Each season in Winter Garden represents a different stage of the couple’s relationship. The two have their fateful encounter in winter, but know nothing about each other. Moving into spring, the two meet again, and their romance begins to blossom. It’s only at the end of spring when Takuro is finally able to ask Dejiko out, and they become boyfriend and girlfriend. Moving into the summer, the two begin to go out on dates.

However, moving into the fall, things begin to go wrong. Dejiko’s parents in the country need her and her sister to come back to home to help out at the family home. In addition, Dejiko sees Takuro out and about with a beautiful woman, and—with him not contacting her lately, saying he’s “busy”—she finds herself believing that he’s cheating on her. But there’s no screaming or yelling, and the only crying is a few tears falling out of Dejiko’s eyes.

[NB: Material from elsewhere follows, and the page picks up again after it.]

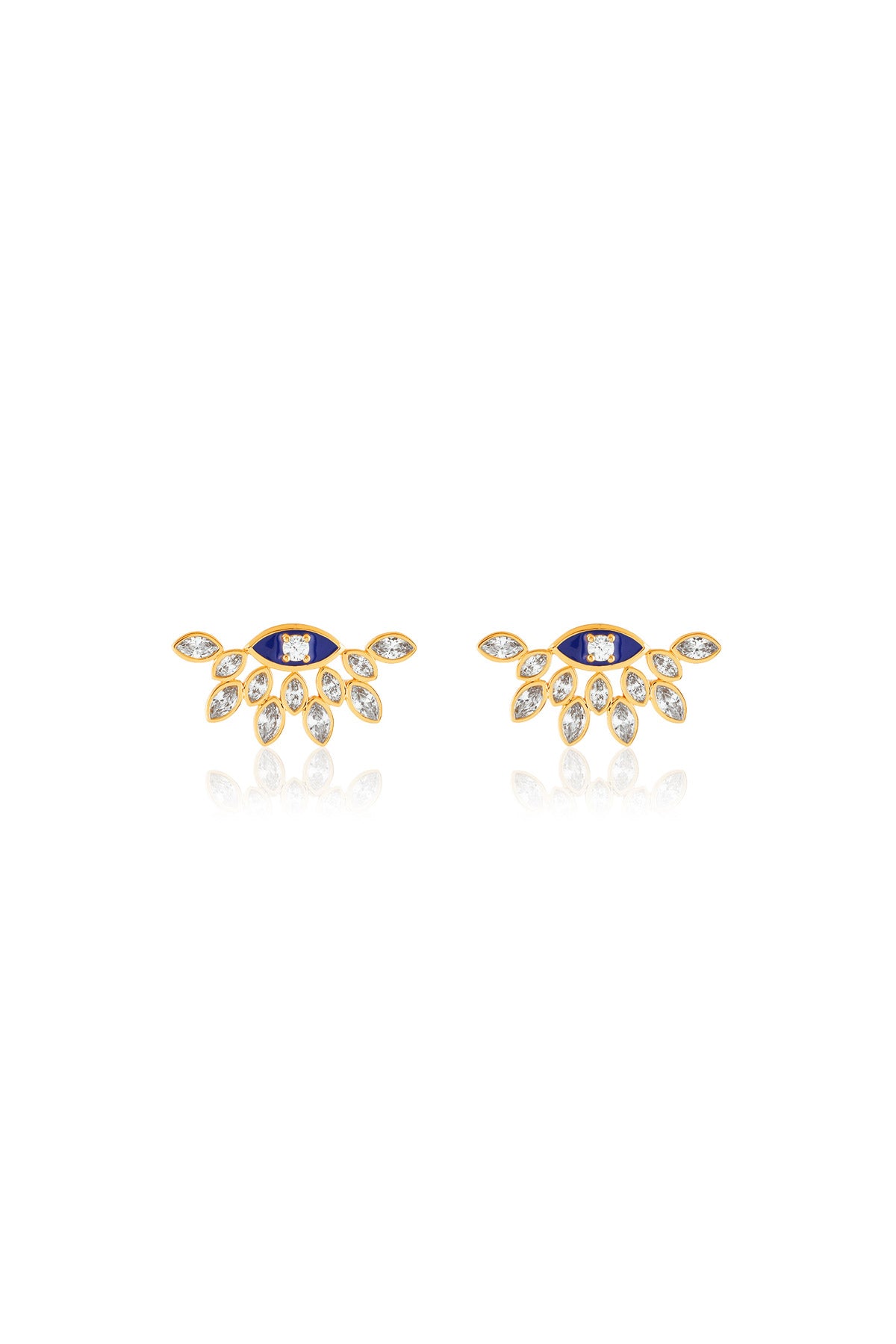 Isharya Aura Eye Studs In 18kt Gold Plated indian designer wear online shopping melange singapore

Winter Garden is a very quiet, pastel-colored romance that moves from winter, to spring, to summer, to fall, to winter again, and then into the beginning of spring once again. It’s not about a couple who are together every single day. The two main characters Dejiko and Takuro are very timid, unable to put their true feelings on center stage. Throughout the hour-long piece, we’re able to see the two deal with their personal worries, but they never outright state that they’re worried about something. The visual clues and voice work subtley hints at what they’re mulling over. In Dejiko’s case, she’s worried about being left by Takuro. With Takuro, he’s struggling to become a playwright, and ends up ignoring Dejiko’s feelings in the process.

There’s barely any Christmas in this two-episode special, but the theme of meeting in winter and reuniting once the winter ends has made this peaceful romantic drama a must for me during the holidays. I’ve been watching it every year for approximately ten years, and it will probably be a winter tradition for me for years to come.

Di Gi Charat Winter Garden is streaming now on Hulu, and is available on home video from Sentai Filmworks.